Today, Robbins Research International – the parent company that combines all his coaching, training and events businesses – takes in nearly US$5 billion a year. And that's not counting Robbins' other activities, from asteroid mining to 3-D printed prosthetics. It's fair to say that Tony Robbins is a billion-dollar guru machine. But for the past five years, he's been teaching another form of self-help.
Every October, some 150,000 registered attendees invade the city of San Francisco for Dreamforce, the annual conference put on by software powerhouse Salesforce.com. Now in its 14th year running, it's grown from a small customer event of 1,300 visitors to the rock concert of corporate events. It virtually shuts down central San Francisco, with over 1,400 workshops and sessions scheduled around the city. Previously, it's played host to the politicians like Hillary Clinton and Al Gore, media Baroness Arianna Huffington, tech and investment visionaries Marc Andreessen and Reid Hoffman, and even musicians like Will.I.Am and Neil Young.
But this year, the only session that really matters is Salesforce CEO and co-founder Marc Benioff's opening to the conference, featuring a very special guest. Speaking at the introduction, Benioff tells the audience, "Very few people have had such an enormous impact on me – my ability to be successful, my ability to give back." Benioff, who has attended many of Robbins seminars, credits the guru with providing the leadership model at Salesforce, now one of the world's largest software companies (expected to take in US$8 billion in sales this year). "All of that came out of Tony's work."
Benioff first found the self-help guru when he was a 28-year-old. The aspiring entrepreneur was working at Oracle when he began listening to Robbins' tapes. When Benioff decided to quit his job and start his own company, it was Robbins who he turned to. Benioff now makes use of Robbins personal coaching services, and regularly invites the guru to Salesforce events like this one. The two even holiday together sometimes, travelling to Robbins' resort and spa hotel in Fiji.
As Robbins walks onstage in front of ten thousand sales executives – to the roaring beats of the Black Eyed Peas, 'I Gotta Feeling' – the two embrace. Then Benioff hands the big stage over to his mentor and the motivation begins.
"Today we're living in a world where kids learn how to use an iPad before they learn to tie their shoes," says Robbins, moments after stepping up, "And we have this technology that's growing geometrically. I've seen some of the things that Salesforce are doing right here, and I think we can all agree that it's just the beginning. It just keeps improving."

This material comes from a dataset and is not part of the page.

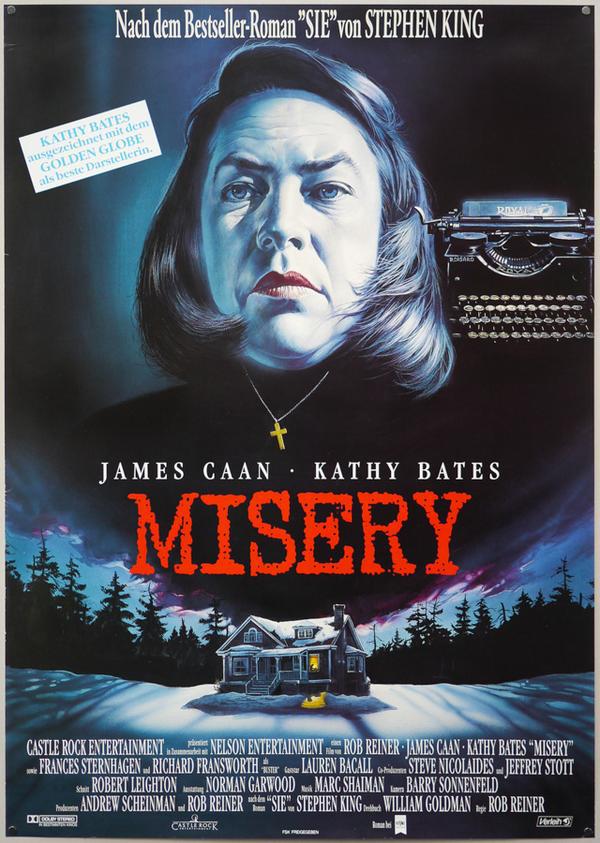 MISERY (1990)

"The questions is where we are with the software that runs all this stuff, between our ears and in our heart. That's the place that is my domain. I love technology, but I know that it isn't technology that changes lives. It's the human beings that apply that technology."
For the next hour and fifteen minutes, Benioff sits in the front row nodding his head enthusiastically watching Robbins' six-foot-seven frame move up and down the circular stage. He's an imposing figure for sure, dressed in a black button-down shirt and dark jeans; he projects his trademark baritone voice into the crowd, encouraging audience interaction by yelling things like, "everyone who agrees, say 'Aye'!"

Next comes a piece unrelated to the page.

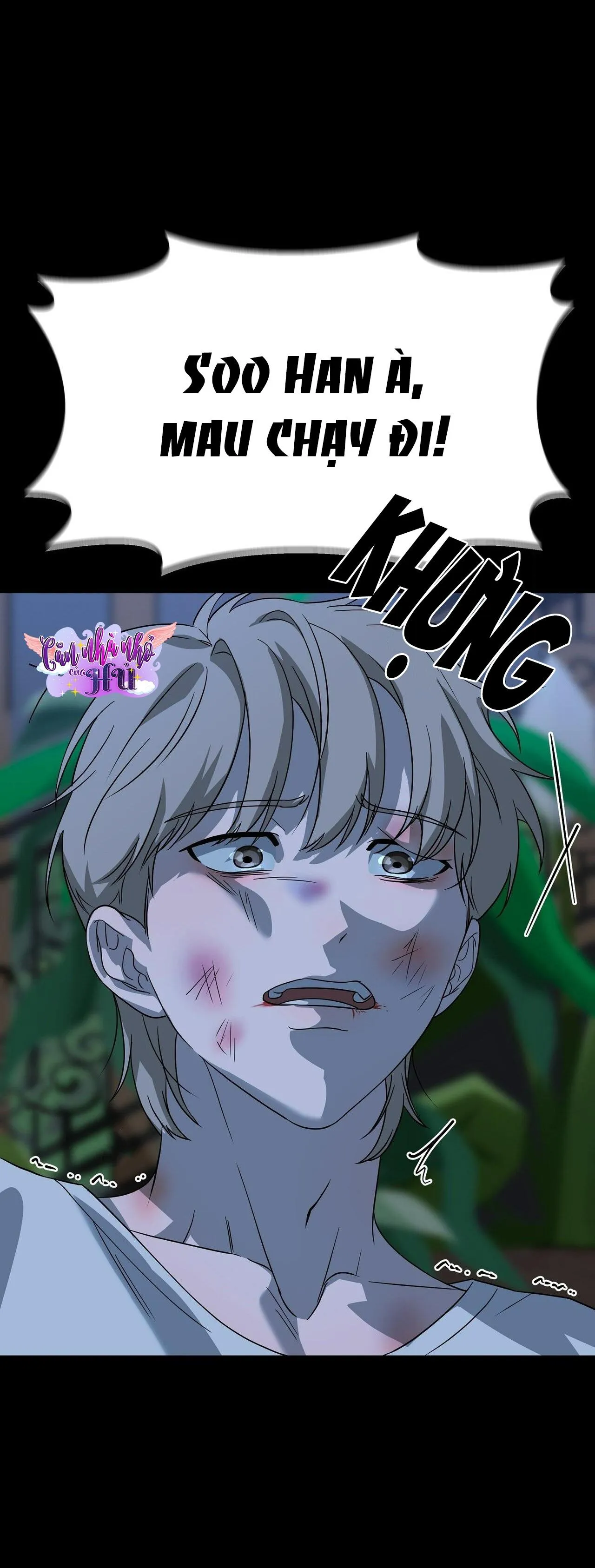 HỢP ĐỒNG KẸO Chapter 5 Trang 9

"The common denominator for success is what everyone in this room already has. There is a certain amount of passion, a certain amount of drive, and if I were going to give it one word it would be hunger" says Robbins, "Because the most successful people never lose it. And the people that fail never find it, or they find it for a while, and they get too fulfilled too quickly. If you agree say 'Aye'!"
Robbins tells the audience that he recently found a study that says only 29 percent of employees in the US are engaged in their work, and that 24 percent are actively disengaged, that they don't even want to be there. It's the job of everyone in the room to attack that problem, saying that the most profitable companies are those in which employees are the most engaged. "You want to get someone engaged, you engage" he yells, "that's your job as a leader. You can't maximise resources if you don't have engagement".

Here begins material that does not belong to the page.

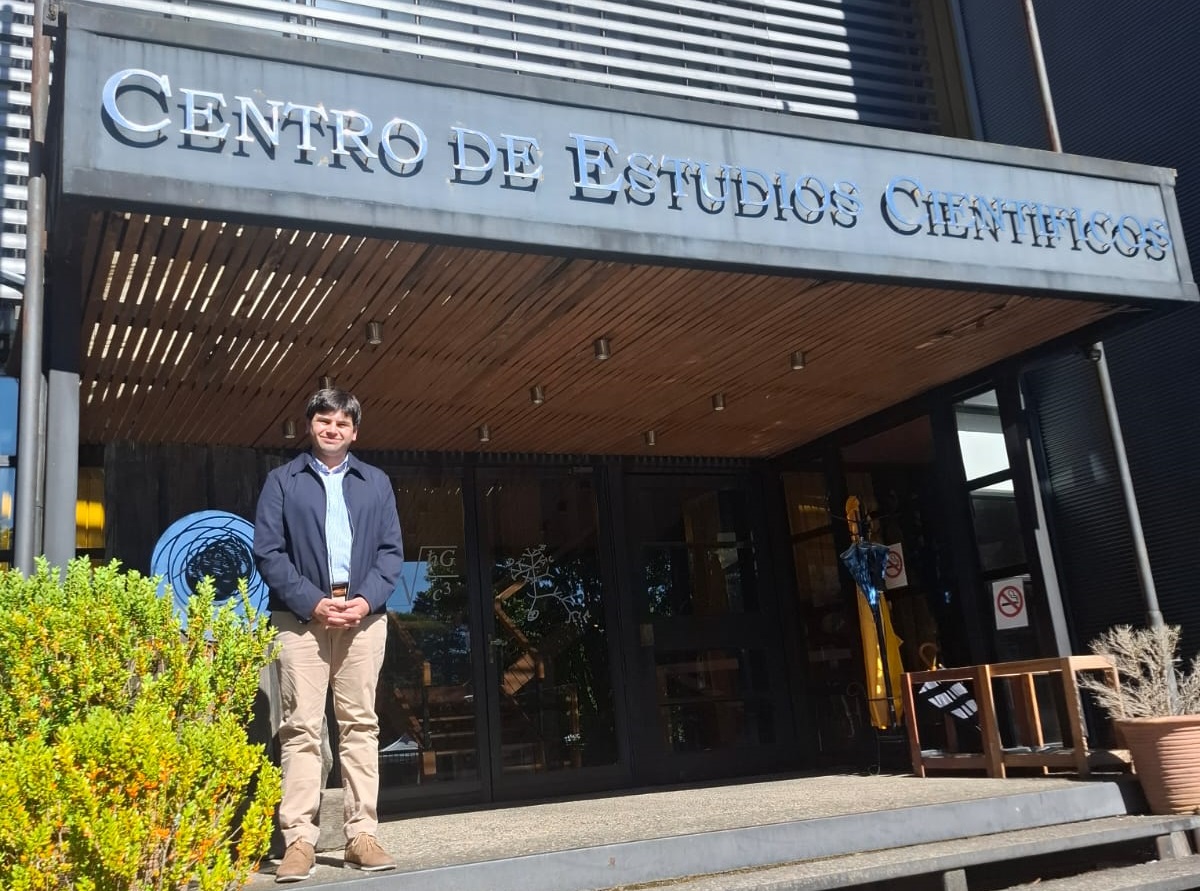 Profesor Diego González participa en Primer Coloquio Interdisciplinar “Autoengaño y falta de control: perspectivas desde la Filosofía, la Psicología y el Derecho”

If there's one thing Robbins understands, it's engagement. His seminars don't involve a few thousand people sitting idly listening to him talk. He believes his audience must participate. "Think about the people who have the power to change you. They have an energy about them, don't they? Richard Branson, now there's a man who has energy." Robbins' job then, is to up the energy in the room, or in this case, getting six thousand people – sales executives, marketing professions and software developers – to shout three potent words at each other. "Find somebody and tell them, 'I own you'." exclaims Robbins, "Don't just say it to them, scream it at them. Make them believe that you own them."
A fly on the wall would naturally assume this is all a complicated charade. A self-help ruse designed to get an audience fired up, ready to believe just about anything Robbins might tell them. But while there are many self-made motivational speakers in the world, and many run successful businesses and offer sound advice. None of them are the CEO of a multibillion-dollar empire. In Robbins own words, "Belief is a poor substitute for experience. You can believe something all you want, but if you experience something you know, it's true."
In addition to his core work; inspiring the masses, Robbins looks after a diverse portfolio of businesses. From CloudCoaching International, a holding company that owns businesses focused on "corporate improvement" and has clients like Dell, to Unlimited Tomorrow, which is working on 3D printing limbs for the disabled, and exoskeletons that might someday allow paralysed people to walk again.
Robbins was one of the first investors of Peter Diamandis's asteroid mining company and has significant shares in Beringer Capital, the private equity firm that recently purchased Adweek magazine. Robbins is even a professional sports team owner - along with Peter Gruber, and celebrities like Will Ferrell - of the Los Angeles Football Club, which has just pledged US$250 million to build a new downtown stadium.
To see him standing at the front of a room of a thousand men and women all screaming, "I own you" at the top of their lungs, Robbins is the picture of confidence. You wouldn't think that he's the product of a broken home, with a mother who was an alcoholic and a pill user.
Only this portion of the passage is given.